The two-day difference - from June's 22 days to July's 19.5 - accounted for a decline by 5% to 15%, with the only exception being 1996 6% bonds and 1995 6.5% bonds speeding up by 7% to 10% from June.
Seasoned premiums experienced a significant slowdown, by 15% to 20% or a three to five constant prepayment rate (CPR) slowdown from last month. A 14.5 CPR for 1991 9s was among the fastest seasoned premiums, while 1992/1993 vintage 7.5s to 8.5s prepaid at 12.3 CPR.
"Seasoned premiums are definitely showing signs of a prepayment burn-out," Dabholkar said.
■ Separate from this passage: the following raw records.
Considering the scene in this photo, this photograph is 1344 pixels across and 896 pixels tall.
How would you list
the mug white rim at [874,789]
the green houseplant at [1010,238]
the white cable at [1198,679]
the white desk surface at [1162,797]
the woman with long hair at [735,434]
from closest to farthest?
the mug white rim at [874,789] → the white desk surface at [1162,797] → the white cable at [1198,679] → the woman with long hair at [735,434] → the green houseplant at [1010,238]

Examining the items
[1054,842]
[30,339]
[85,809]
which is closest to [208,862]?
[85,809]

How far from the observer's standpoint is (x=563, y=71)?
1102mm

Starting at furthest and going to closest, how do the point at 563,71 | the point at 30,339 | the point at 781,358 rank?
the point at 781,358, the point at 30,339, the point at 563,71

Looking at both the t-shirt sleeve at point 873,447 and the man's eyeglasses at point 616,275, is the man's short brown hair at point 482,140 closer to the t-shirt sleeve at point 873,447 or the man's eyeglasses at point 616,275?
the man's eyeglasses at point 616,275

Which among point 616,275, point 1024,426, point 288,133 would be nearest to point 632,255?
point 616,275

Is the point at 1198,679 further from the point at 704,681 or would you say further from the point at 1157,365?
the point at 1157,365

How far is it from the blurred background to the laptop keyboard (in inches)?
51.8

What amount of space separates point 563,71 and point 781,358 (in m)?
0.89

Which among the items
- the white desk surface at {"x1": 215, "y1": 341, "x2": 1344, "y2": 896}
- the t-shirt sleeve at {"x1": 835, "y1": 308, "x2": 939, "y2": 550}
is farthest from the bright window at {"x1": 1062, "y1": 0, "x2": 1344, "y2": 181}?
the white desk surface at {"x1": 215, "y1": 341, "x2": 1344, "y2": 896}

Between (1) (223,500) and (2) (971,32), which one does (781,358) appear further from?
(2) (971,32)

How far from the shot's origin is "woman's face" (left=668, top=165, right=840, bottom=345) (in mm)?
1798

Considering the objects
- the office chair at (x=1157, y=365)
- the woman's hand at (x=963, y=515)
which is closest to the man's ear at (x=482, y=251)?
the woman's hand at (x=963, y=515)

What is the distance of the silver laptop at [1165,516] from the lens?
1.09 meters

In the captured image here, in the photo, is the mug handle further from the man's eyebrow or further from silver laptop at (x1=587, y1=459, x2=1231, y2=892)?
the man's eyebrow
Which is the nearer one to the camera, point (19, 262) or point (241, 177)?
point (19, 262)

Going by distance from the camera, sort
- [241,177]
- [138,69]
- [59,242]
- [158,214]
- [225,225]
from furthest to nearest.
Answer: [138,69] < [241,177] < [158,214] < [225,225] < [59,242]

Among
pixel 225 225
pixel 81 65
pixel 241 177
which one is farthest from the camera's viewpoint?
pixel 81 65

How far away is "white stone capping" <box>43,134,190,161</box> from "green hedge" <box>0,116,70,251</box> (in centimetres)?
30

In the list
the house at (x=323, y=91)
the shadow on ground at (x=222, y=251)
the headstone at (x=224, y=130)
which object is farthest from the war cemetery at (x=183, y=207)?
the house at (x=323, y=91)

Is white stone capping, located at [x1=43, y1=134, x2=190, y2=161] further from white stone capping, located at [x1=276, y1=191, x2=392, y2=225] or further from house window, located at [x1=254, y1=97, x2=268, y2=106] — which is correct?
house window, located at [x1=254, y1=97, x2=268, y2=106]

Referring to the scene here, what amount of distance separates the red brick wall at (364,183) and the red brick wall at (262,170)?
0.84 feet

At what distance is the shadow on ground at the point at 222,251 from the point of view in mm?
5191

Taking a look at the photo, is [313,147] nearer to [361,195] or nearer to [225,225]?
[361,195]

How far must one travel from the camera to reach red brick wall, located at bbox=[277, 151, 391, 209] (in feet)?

Going forward, August will see a return to 22 collection days. PaineWebber is reporting that discount prepayments will speed up by 6%, while CSFB says the increase will be in the range of 10% to 15%.
Seasoned 8.5s and 9s should accelerate 15%, as a reaction to the rally in June, the PaineWebber report added. August speeds across the board are expected to reflect those found in June.
Because Freddie Mac speeds declined more than expected in July, estimates were changed for the Fannie Mae and Ginnie Mae speeds, which are due out today. Market observers were anticipating a 5% drop, and are now looking for something somewhat faster, about a 10% decline, than what was anticipated.